# Where do you want to go?



## Pichu112

Hello everyone,

I need to translate a little sentence from English to Dutch for a t-shirt that I am helping to design for the organization that I volunteer at.

If you could help, that would be great.

The sentence is: "Where do you want to go?"

And if you could use perfect grammar and the formal version of "you," that would be perfect.

Thank you so much!


----------



## Lopes

"Waar wilt u naar toe?" / "Waar wilt u heen?" are possibilities, but what is the exact context?


----------



## Pichu112

The context is referring (probably) to a country. In fact, the organization that I volunteer for is for exchange students....


----------



## Peterdg

Pichu112 said:


> The context is referring (probably) to a country.

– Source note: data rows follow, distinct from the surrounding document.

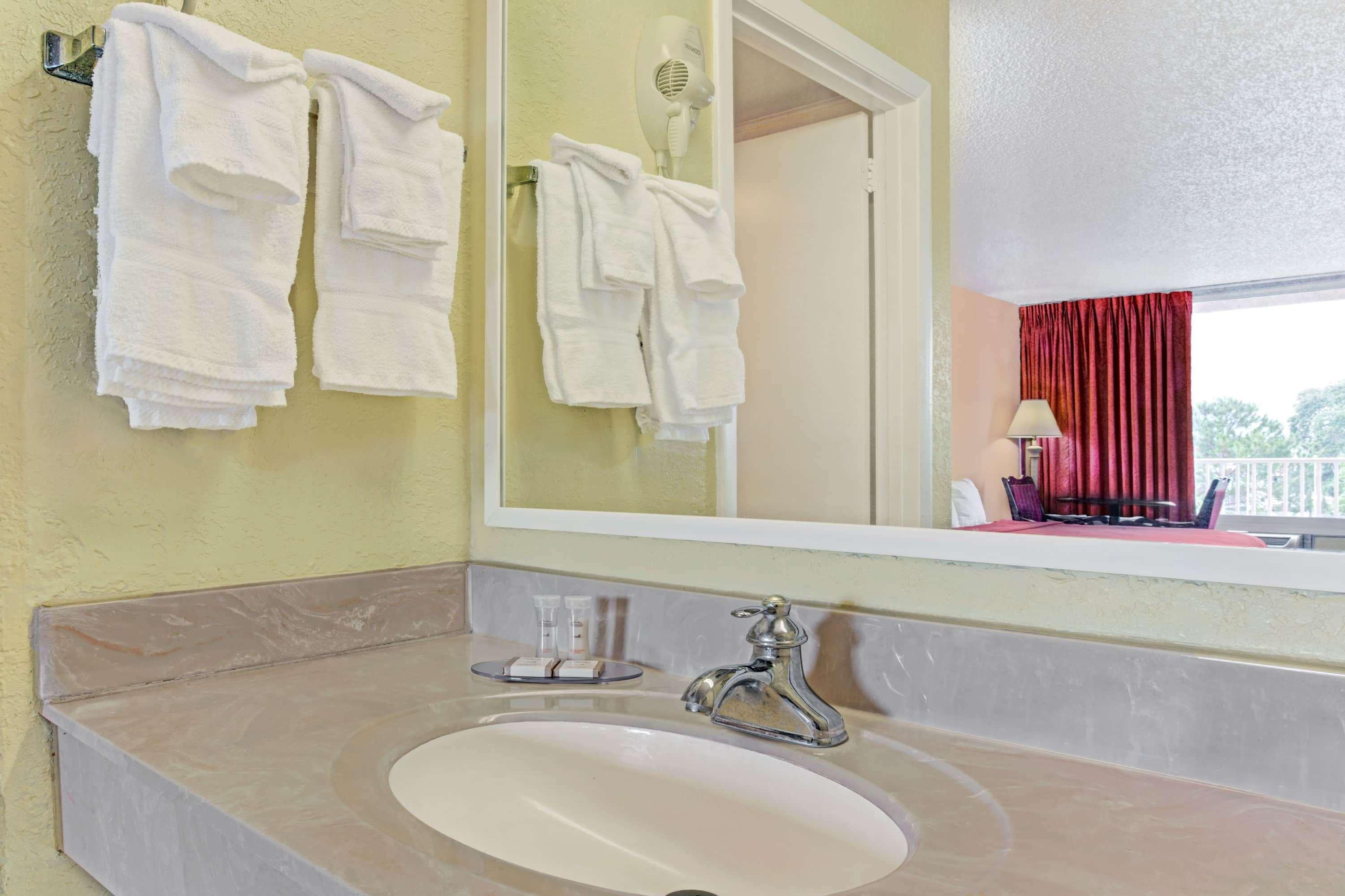 Howard Johnson By Wyndham Tropical Palms Kissimmee Bagian luar foto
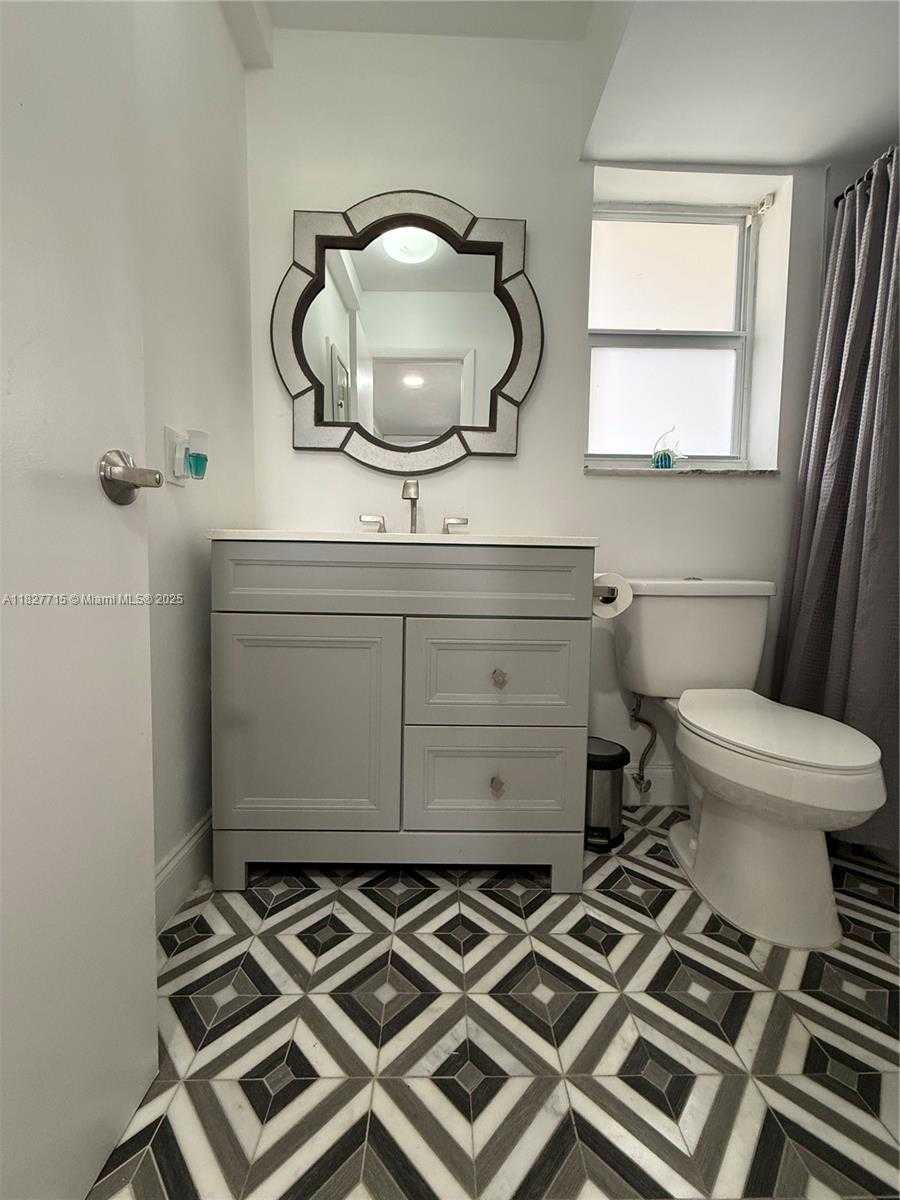 Small Image of 8880 SUNRISE LAKES BLVD #307, Sunrise Number 18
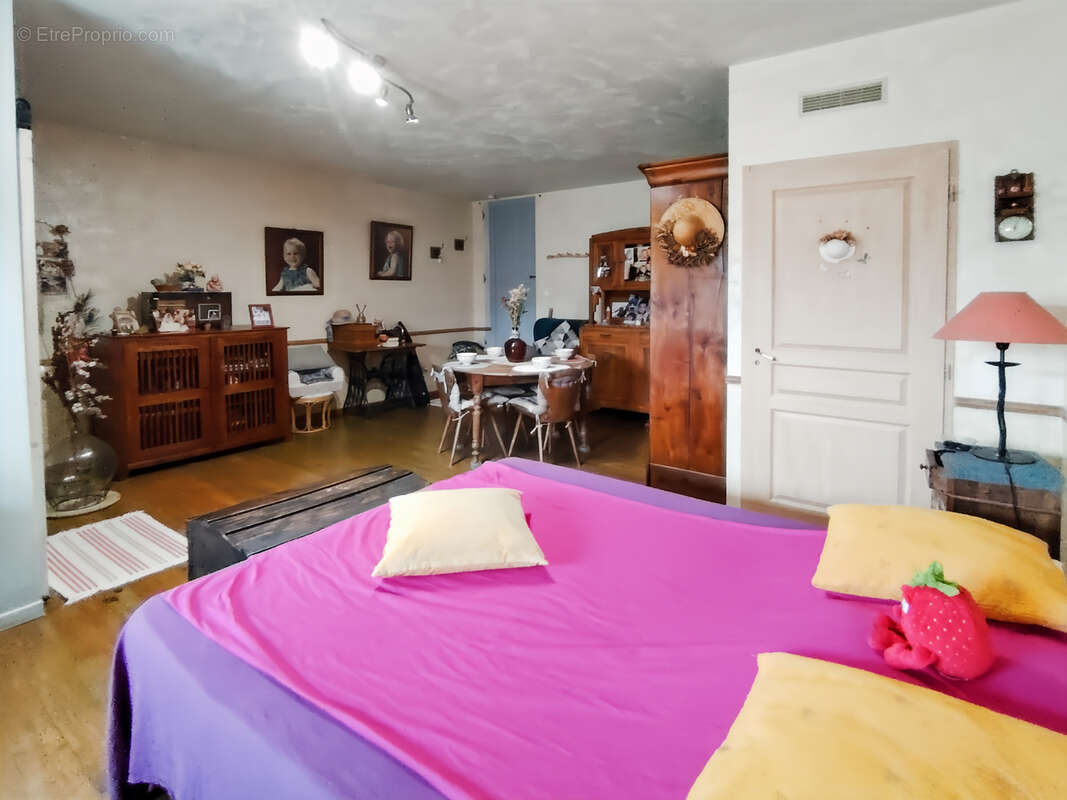 Maison à MONTFAUCON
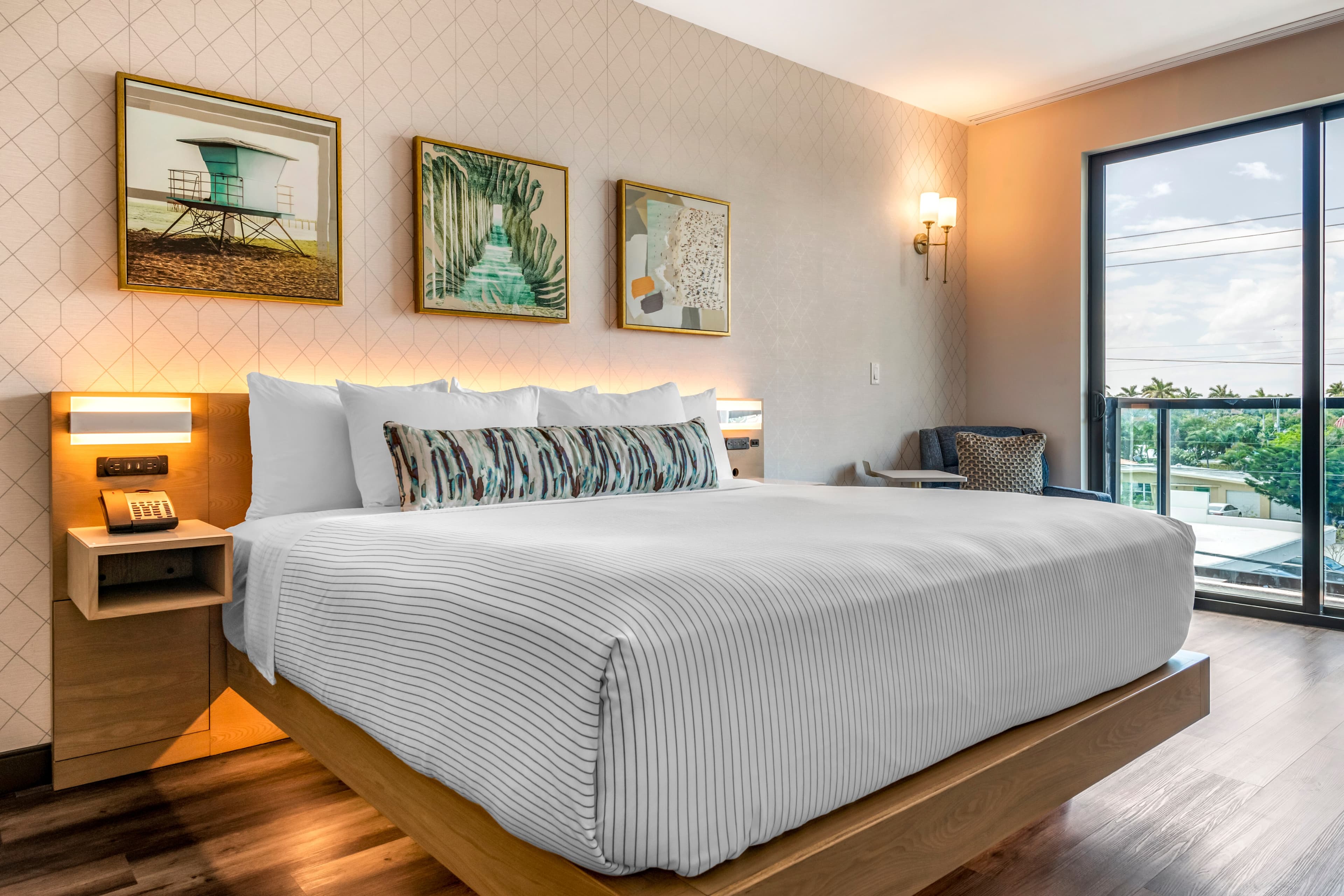 Cambria Hotel Fort Lauderdale Beach - Image 2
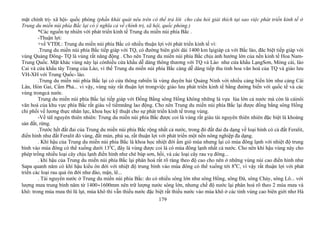 mặt chính trị- xã hội- quốc phòng (phần khái quát nêu trên có thể trả lời cho câu hỏi giải thích tại sao việc phát triển kinh tế ở
Trung du miền núi phía Bắc lại có ý nghĩa cả về chính trị, xã hội, quốc phòng.)
*Các nguồn tự nhiên với phát triển kinh tế Trung du miền núi phía Bắc .
-Thuận lợi:
+về VTĐL: Trung du miền núi phía Bắc có nhiều thuận lợi với phát triển kinh tế vì:
.Trung du miền núi phía Bắc tiếp giáp với TQ, có đường biên giới dài 1400 km lạigiáp cả với Bắc lào, đăc biệt tiếp giáp với
vùng Quảng Đông- TQ là vùng rất năng động . Cho nên Trung du miền núi phía Bắc chịu ảnh hưởng lớn của nền kinh tế Hoa Nam-
Trung Quốc. Mặt khác vùng này lại cónhiều cửa khẩu dễ dàng thông thương với TQ và Lào như cửa khẩu LạngSơn, Móng cái, lào
Cai và cửa khẩu tây Trang của Lào, vì thế Trung du miền núi phía Bắc càng dễ dàng tiếp thu tinh hoa văn hoá của TQ và giáo lưu
VH-XH với Trung Quốc- lào.
.Trung du miền núi phía Bắc lại có cửa thông rabiển là vùng duyên hải Quảng Ninh với nhiều cảng biển lớn như cảng Cái
Lân, Hòn Gai, Cẩm Phả... vì vậy, vùng này rất thuận lợi trongviệc giáo lưu phát triển kinh tế bằng đường biển với quốc tế và các
vùng trongcả nước.
Trung du miền núi phía Bắc lại tiếp giáp với Đồng Bằng sông Hồng không những là vựa lúa lớn cả nước mà còn là cáinôi
văn hoá của khu vực phía Bắc rất giàu về tiềmnăng lao động. Cho nên Trung du miền núi phía Bắc lại được đồng bằng sông Hồng
chi phối về lương thực nhân lực, khoa học kỹ thuật cho sự phát triển kinh tế trong vùng.
-Về tàI nguyên thiên nhiên: Trung du miền núi phía Bắc được coi là vùng rất giàu tài nguyên thiên nhiên đặc biệt là khoáng
sản đất, rừng.
.Trước hết đất đai của Trung du miền núi phía Bắc rộng nhất cả nước, trong đó đất đai đa dạng về loại hình có cả đất Feralit,
điển hình như đất Feralit đỏ vàng, đất mùn, phù sa, rất thuận lợi với phát triển một nền nông nghiệp đa dạng.
. Khí hậu của Trung du miền núi phía Bắc là khoa học nhiệt đới ẩm gió mùa nhưng lại có mùa đông lạnh với nhiệt độ trung
bình vào mùa đông có thể xuống dưới 130
C, đây là vùng được coi là có mùa đông lạnh nhất cả nước. Cho nên khí hậu vùng này cho
phép trồng nhiều loại cây chịu lạnh điển hình như chè búp sơn, hồi, và các loại cây rau vụ đông...
. khí hậu của Trung du miền núi phía Bắc lại phân hoá rất rõ ràng theo độ cao cho nên ở những vùng núi cao điển hình như
Sapa quanh năm có khí hậu kiểu ôn đới với nhiệt độ trung bình vào mùa đông có thể xuống tới 80
C, vì vậy rất thuận lợi với phát
triển các loại rau quả ôn đới như đào, mận, lê...
. Tài nguyên nước ở Trung du miền núi phía Bắc: do có nhiều sông lớn như sông Hồng, sông Đà, sông Chảy, sông Lô... với
lượng mưa trung bình năm từ 1400÷1600mm nên trữ lượng nước sông lớn, nhưng chế độ nước lại phân hoá rõ theo 2 mùa mưa và
khô: trong mùa mưa thì lũ lụt, mùa khô thì vẫn thiếu nước đặc biệt rất thiếu nước vào mùa khô ở các tỉnh vùng cao biên giới nhơ Hà
179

In fact, the organization that I volunteer for is for exchange students....


In that case, Lopes' suggestions are excellent.


----------



## Pichu112

Alright, thank you very much!! Bedankt!!


----------



## Lopes

Actually, in that case the formal form seems a bit strange, and I´d rather write "Waar wil jij heen?"


----------



## Kayla321

I agree with Lopes: why do you want to use the formal way to talk to students?


----------



## Ktke

Talking to students I'd say: Waar wil je naar toe?


----------



## Lopes

Ktke said:


> Talking to students I'd say: Waar wil je naar toe?



If it is for advertisement purposes I think "jij" instead of "je" would be more suitable, as it emphasises a supposed broad range of possible destinations.


----------



## HKK

Waar wil jij _naartoe_?

Naartoe is spelled as one word.


----------



## Ktke

Lopes said:


> If it is for advertisement purposes I think "jij" instead of "je" would be more suitable, as it emphasises a supposed broad range of possible destinations.


 
For me the emphasis in that sentence is on 'jij', but that doesn't need to be a problem ofcourse. 'Je' is more Flemish I think, maybe 'jij' is more... 'general' Dutch


----------



## Timidinho

I'd say 'jij', because of the emphasis on it (I don't think it's used more often than 'je' in the Netherlands btw).


----------